Bush was beginning to describe how he's about to pull back some American troops in Iraq. "No you're not," Pelosi corrected him. "You're just going back to the pre-surge level." Of course he is. That's not a pull-back. It's a resumption of business as usual. If you can call a reduction of 5,700 troops by year's end a reduction. Troop levels fluctuate more than that month-over-month regardless.

Too bad somebody couldn't interrupt the president on national television last night, the eighth time in four years that he's taken to the national airwaves to defend an indefensible war and ask the nation to trust his -- what? Besides his hazardous gut, there's little left to trust.

Take his claims about the "surge." The troop increase that started in February was billed as a way to crack down on violence and give the Iraqi government more room to foster reconciliation. But we've been there before. Total coalition troop strength today, at the height of the "surge," is lower than it was at the beginning of  2005. What the "surge" masked, what President Bush never spoke about, is the hemorrhage that coalition troops have suffered since January 2005. The Ukraine, Spain, Italy, the Netherlands: They've all pulled out their troops. Britain is reducing its contingent. From a high of 25,600, non-American coalition troops are down to 11,700. Half the "surge" was merely replacement personnel.

And that draw-down Bush is promising? It's not a choice. He has to pull back. He already extended troop deployments from 12 to 15 months. Short of another extension, which would be politically deadly, brigades have to be rotated home almost immediately. A further reduction will be forced on the military regardless of political wishes next spring. As The Associated Press reported in mid-August, "The Army's 38 available combat units are deployed, just returning home or already tapped to go to Iraq, Afghanistan or elsewhere, leaving no fresh troops to replace five extra brigades that President Bush sent to Baghdad this year, according to interviews and military documents."

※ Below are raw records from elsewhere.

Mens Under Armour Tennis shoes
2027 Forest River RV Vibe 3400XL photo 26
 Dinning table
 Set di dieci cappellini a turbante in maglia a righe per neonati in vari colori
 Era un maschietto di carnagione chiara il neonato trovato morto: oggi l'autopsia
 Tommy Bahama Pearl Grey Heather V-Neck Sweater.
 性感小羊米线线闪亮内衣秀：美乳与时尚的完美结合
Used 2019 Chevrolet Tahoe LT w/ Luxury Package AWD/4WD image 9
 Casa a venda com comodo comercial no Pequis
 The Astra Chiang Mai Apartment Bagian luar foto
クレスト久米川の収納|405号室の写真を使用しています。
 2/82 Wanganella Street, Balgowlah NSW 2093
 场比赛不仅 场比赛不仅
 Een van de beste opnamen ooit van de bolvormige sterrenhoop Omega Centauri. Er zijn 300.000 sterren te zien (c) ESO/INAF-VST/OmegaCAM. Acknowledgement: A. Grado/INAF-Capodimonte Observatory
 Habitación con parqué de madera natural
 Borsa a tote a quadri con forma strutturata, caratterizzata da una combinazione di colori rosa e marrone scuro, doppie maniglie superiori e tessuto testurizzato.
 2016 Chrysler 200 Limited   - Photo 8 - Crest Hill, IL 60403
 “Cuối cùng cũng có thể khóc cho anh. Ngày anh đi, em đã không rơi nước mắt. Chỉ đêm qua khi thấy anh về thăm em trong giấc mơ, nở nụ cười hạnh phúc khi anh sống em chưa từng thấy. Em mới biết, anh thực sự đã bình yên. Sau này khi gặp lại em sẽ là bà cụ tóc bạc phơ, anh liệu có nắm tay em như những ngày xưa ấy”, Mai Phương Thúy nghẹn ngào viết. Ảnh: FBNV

In short, the American military is tapped out. It's not hype, but fact, to say that current deployments are endangering American security for leaving the country vulnerable to the unexpected.

Progress in Iraq? Only if you believe the numbers Bush and Gen. David Petraeus have been peddling around this week. But those numbers of allegedly decreasing violence don't track significant Sunni-Sunni violence or Shiite-Shiite violence. The Government Accountability Office also found that the White House's claim of decreasing sectarian violence could not be verified. And the overall death toll continues to rise. The presence of American troops is supposedly preventing an outright civil war. It's equally possible that it's inflaming violence by giving various militias and insurgent groups cover for their violent agendas.

Bush's perspective is even more deceitful for centering on American concerns. Here's the consequence of Bush's war that Iraqis are contending with. Today, despite the surge, up to 2.4 million Iraqis are refugees abroad, and 1.1 million are internal refugees, forcibly displaced from their homes. That's 13 percent of the nation's population, including 40 percent of its professional class - - uprooted or gone. Baghdad residents get an average of six hours of electricity per day (down from 16 to 24 before the war). Residents elsewhere get an average of 10.3 hours (up from four to eight hours in 2003).

Unemployment is as high as 40 percent. Inflation is running at 50 percent. Just 30 percent of Iraq's school-age students are in class. Sixteen of 36 ministers in the national government have either quit or are boycotting meetings. And 60,000 Iraqis are in Iraqi or American prisons (the peak prison population in 2003? 10,000).

That is what Bush calls "the way forward."

Pelosi was too kind to Bush, especially now that he is exclusively in time-scrounging mode until the next president inherits his catastrophe.